▸ WHAT YOU ARE ASKED TO DO: An exact copy of all the data below is needed, without its pictures.

Images for object localization:
┌────────
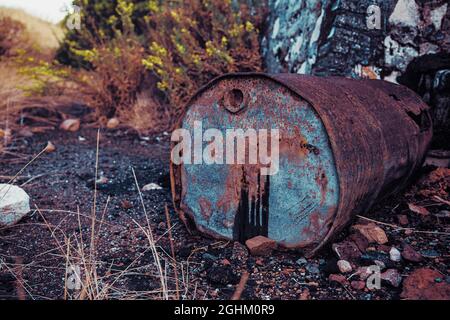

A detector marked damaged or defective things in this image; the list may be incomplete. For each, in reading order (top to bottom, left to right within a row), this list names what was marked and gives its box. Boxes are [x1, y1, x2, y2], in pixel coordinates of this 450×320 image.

corroded metal surface [170, 72, 432, 255]
rusty metal barrel [170, 74, 432, 256]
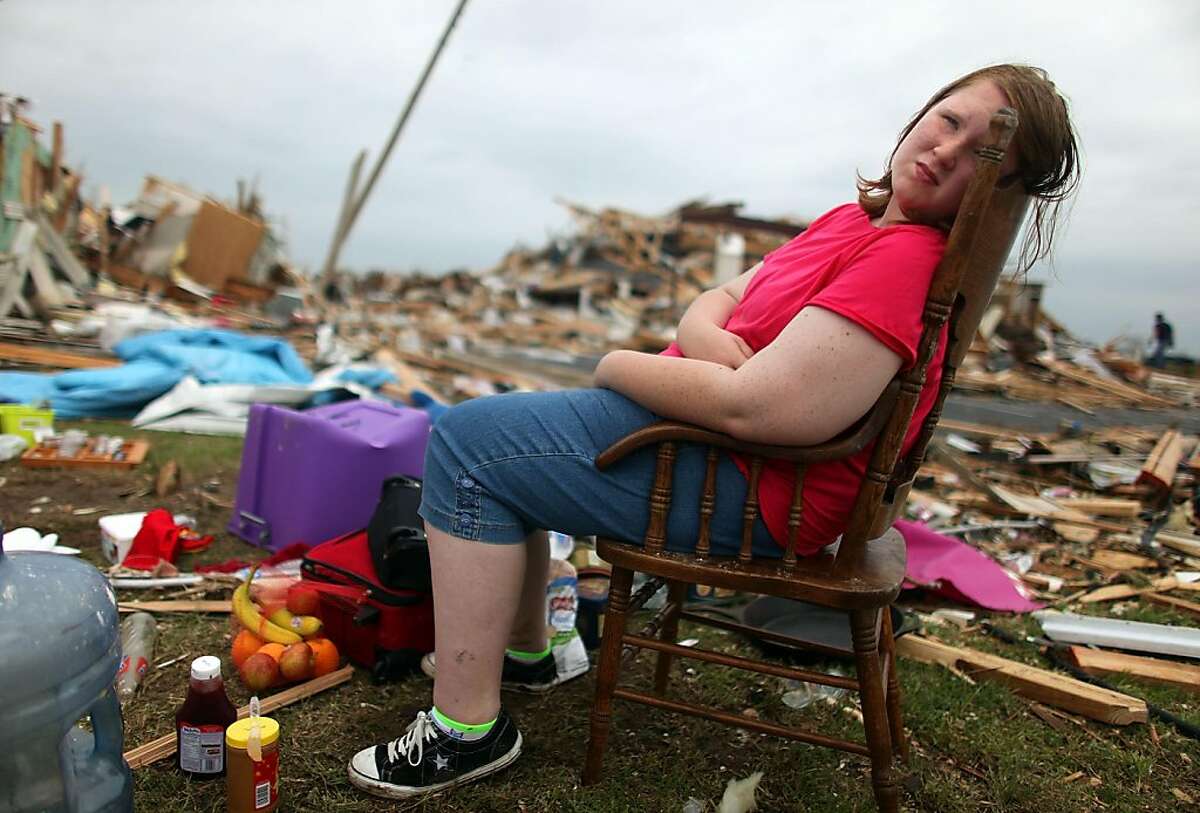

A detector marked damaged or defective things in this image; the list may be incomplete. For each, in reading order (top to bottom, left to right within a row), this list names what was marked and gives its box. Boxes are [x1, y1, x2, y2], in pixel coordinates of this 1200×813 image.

splintered lumber [0, 342, 120, 371]
splintered lumber [1137, 429, 1185, 494]
broken plank [1137, 429, 1185, 494]
splintered lumber [1080, 580, 1180, 604]
splintered lumber [1137, 594, 1200, 618]
broken plank [1137, 594, 1200, 618]
splintered lumber [902, 637, 1142, 724]
broken plank [902, 637, 1142, 724]
splintered lumber [1065, 647, 1200, 695]
broken plank [1065, 647, 1200, 695]
broken plank [125, 661, 350, 772]
splintered lumber [124, 661, 352, 772]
└────────
▸ YOUR SOLUTION:
A detector marked damaged or defective things in this image; the list may be incomplete. For each, in reading order (top to bottom, left to right within a row), this list names what was marked and gives its box. Boxes are [x1, y1, x2, y2], in pixel coordinates of this 450×320 image.

corroded metal surface [170, 72, 432, 255]
rusty metal barrel [170, 74, 432, 256]

A detector marked damaged or defective things in this image; the list may be incomplete. For each, in reading order (top to bottom, left to right within a row), this list names what was marked and gives its box. Boxes are [x1, y1, x2, y2], in pixel coordinates of this 1200×813 image.

splintered lumber [0, 342, 120, 371]
splintered lumber [1137, 429, 1185, 494]
broken plank [1137, 429, 1185, 494]
splintered lumber [1080, 580, 1180, 604]
splintered lumber [1137, 594, 1200, 618]
broken plank [1137, 594, 1200, 618]
splintered lumber [902, 637, 1142, 724]
broken plank [902, 637, 1142, 724]
splintered lumber [1065, 647, 1200, 695]
broken plank [1065, 647, 1200, 695]
broken plank [125, 661, 350, 772]
splintered lumber [124, 661, 352, 772]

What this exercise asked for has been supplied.